This installs: `mcap-owa-support`, `ocap`, `owa-cli`, `owa-core`, `owa-env-desktop`, and `owa-env-gst`.

### Core Packages

| Name | Release in PyPI | Conda | Description |
|------|-----------------|-------|-------------|
| [`owa.core`](projects/owa-core) | [![owa-core](https://img.shields.io/pypi/v/owa-core?label=owa-core)](https://pypi.org/project/owa-core/) | [![owa-core](https://img.shields.io/conda/vn/conda-forge/owa-core?label=conda)](https://anaconda.org/conda-forge/owa-core) | Framework foundation with registry system |
| [`owa.cli`](projects/owa-cli) | [![owa-cli](https://img.shields.io/pypi/v/owa-cli?label=owa-cli)](https://pypi.org/project/owa-cli/) | [![owa-cli](https://img.shields.io/conda/vn/conda-forge/owa-cli?label=conda)](https://anaconda.org/conda-forge/owa-cli) | Command-line tools (`owl`) for data analysis |
| [`mcap-owa-support`](projects/mcap-owa-support) | [![mcap-owa-support](https://img.shields.io/pypi/v/mcap-owa-support?label=mcap-owa-support)](https://pypi.org/project/mcap-owa-support/) | [![mcap-owa-support](https://img.shields.io/conda/vn/conda-forge/mcap-owa-support?label=conda)](https://anaconda.org/conda-forge/mcap-owa-support) | OWAMcap format support and utilities |

### CLI Tools

| Name | Release in PyPI | Conda | Description |
|------|-----------------|-------|-------------|
| [`ocap`](projects/ocap) | [![ocap](https://img.shields.io/pypi/v/ocap?label=ocap)](https://pypi.org/project/ocap/) | [![ocap](https://img.shields.io/conda/vn/conda-forge/ocap?label=conda)](https://anaconda.org/conda-forge/ocap) | Desktop recorder for multimodal data capture |

> ⚠️ **GStreamer Required**: `ocap` requires GStreamer for video processing. Use `conda install owa-env-gst` for easy setup.

**ocap** (Omnimodal CAPture) is a high-performance desktop recorder that captures screen video, audio, keyboard/mouse events, and window events in synchronized formats. Built with Windows APIs and GStreamer for hardware-accelerated recording with H265/HEVC encoding. [Learn more...](docs/data/ocap.md)

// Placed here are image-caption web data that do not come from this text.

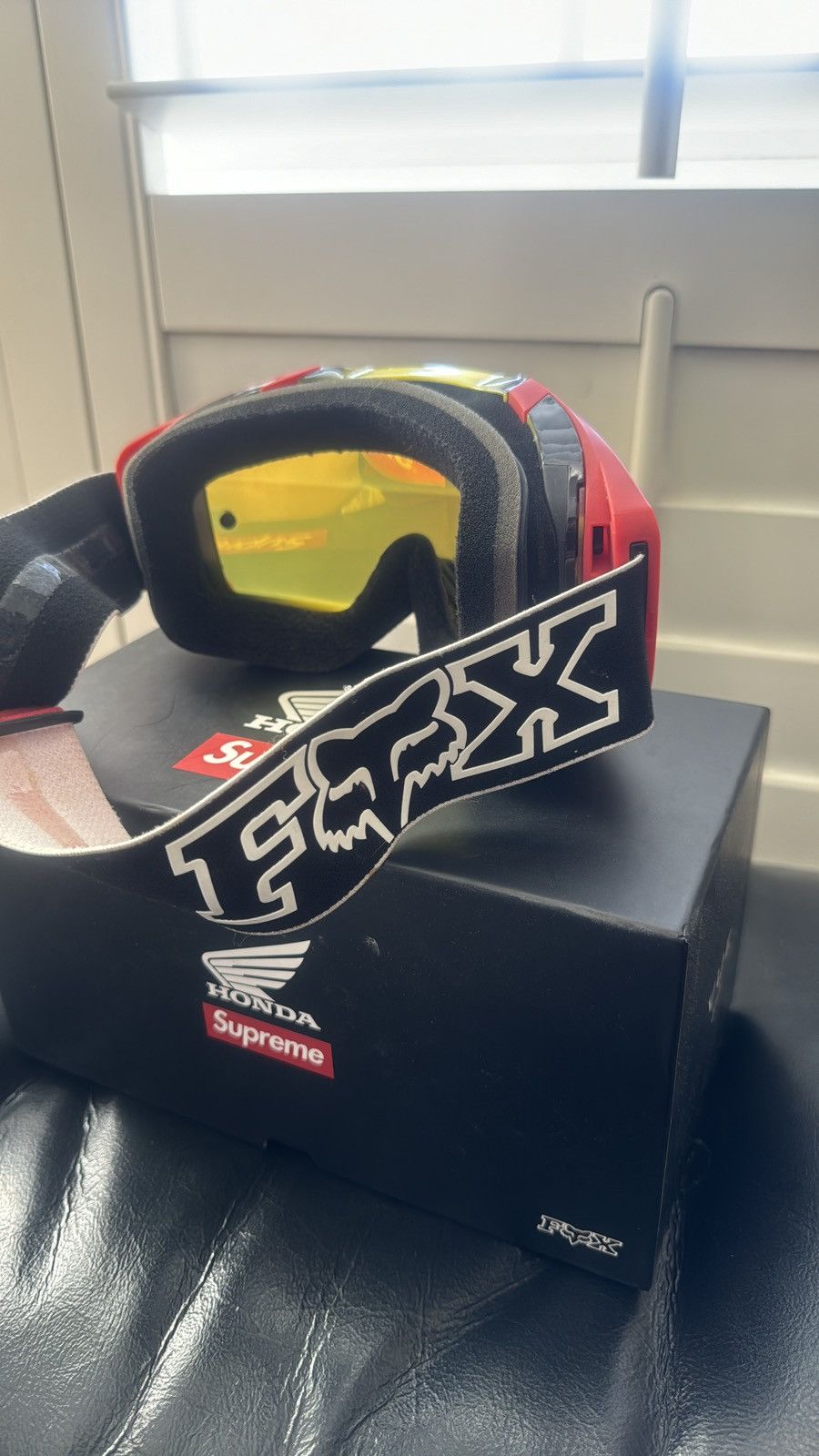 Fox Racing × Honda × Supreme Supreme fox goggles Size ONE SIZE - 5 Thumbnail
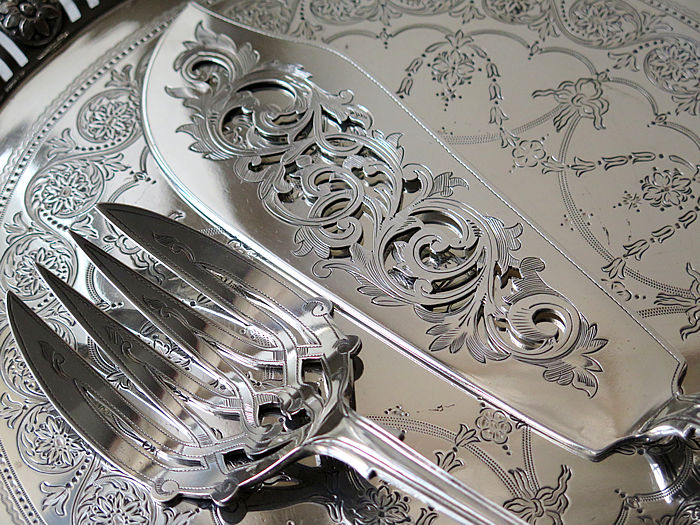 antique silver cutlery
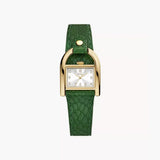 Fossil Harwell Three-Hand Green LiteHide™ Leather Watch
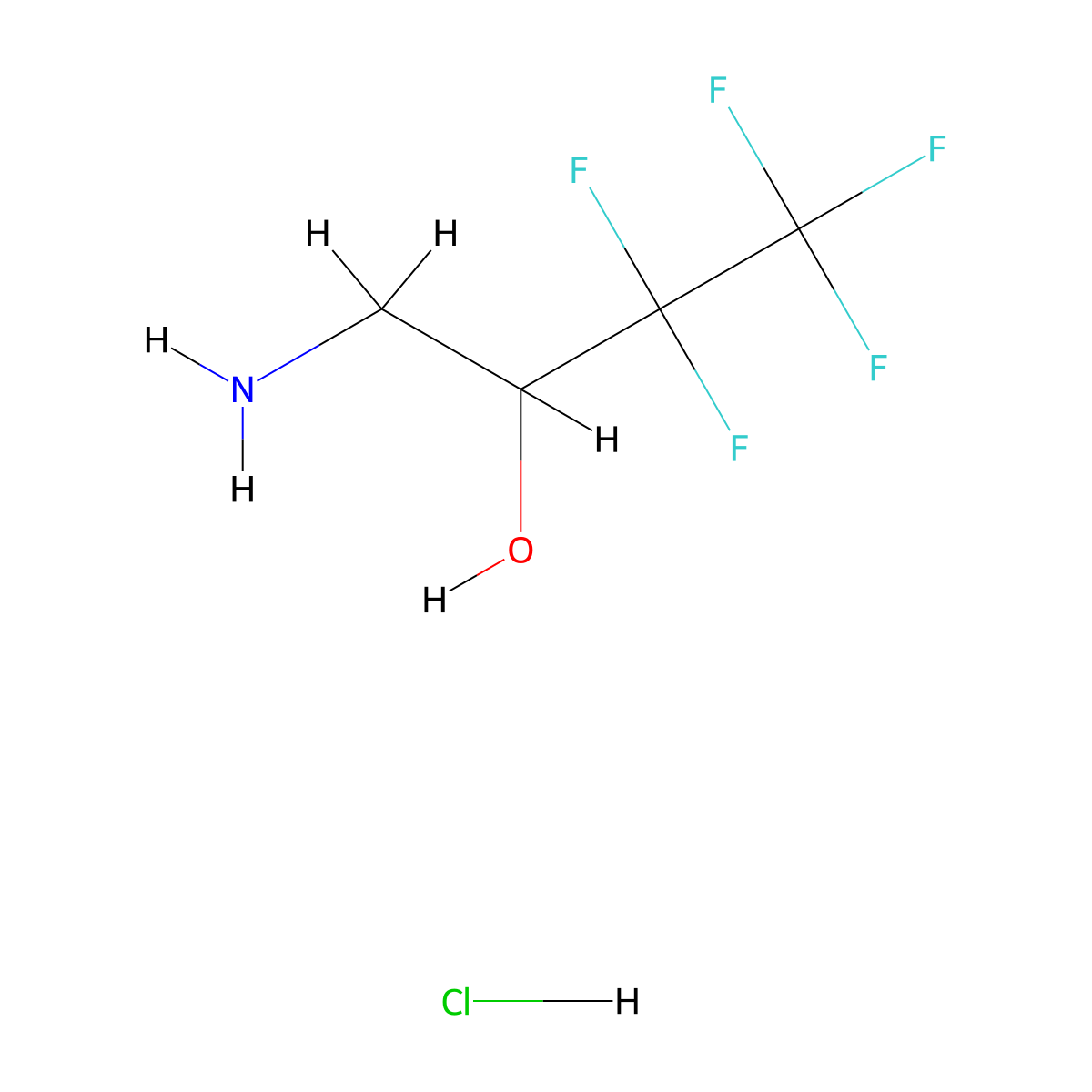 1-Amino-3,3,4,4,4-pentafluorobutan-2-ol hydrochloride molecular structure, CAS 2094621-72-2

- **Complete recording**: Video + audio + keyboard/mouse + window events
- **High performance**: Hardware-accelerated, ~100MB/min for 1080p
- **Simple usage**: `ocap my-recording` (stop with Ctrl+C)
- **Modern formats**: MKV for video, MCAP for events

### Environment Plugins

| Name | Release in PyPI | Conda | Description |
|------|-----------------|-------|-------------|
| [`owa.env.desktop`](projects/owa-env-desktop) | [![owa-env-desktop](https://img.shields.io/pypi/v/owa-env-desktop?label=owa-env-desktop)](https://pypi.org/project/owa-env-desktop/) | [![owa-env-desktop](https://img.shields.io/conda/vn/conda-forge/owa-env-desktop?label=conda)](https://anaconda.org/conda-forge/owa-env-desktop) | Mouse, keyboard, window event handling |
| [`owa.env.gst`](projects/owa-env-gst) | [![owa-env-gst](https://img.shields.io/pypi/v/owa-env-gst?label=owa-env-gst)](https://pypi.org/project/owa-env-gst/) | [![owa-env-gst](https://img.shields.io/conda/vn/conda-forge/owa-env-gst?label=conda)](https://anaconda.org/conda-forge/owa-env-gst) | GStreamer-powered screen capture (**6x faster**) |
| [`owa.env.example`](projects/owa-env-example) | - | - | Reference implementations for learning |

> ⚠️ **GStreamer Required**: Packages marked with video capabilities need GStreamer installed. To utilize full features, install with `conda`, not `pip`.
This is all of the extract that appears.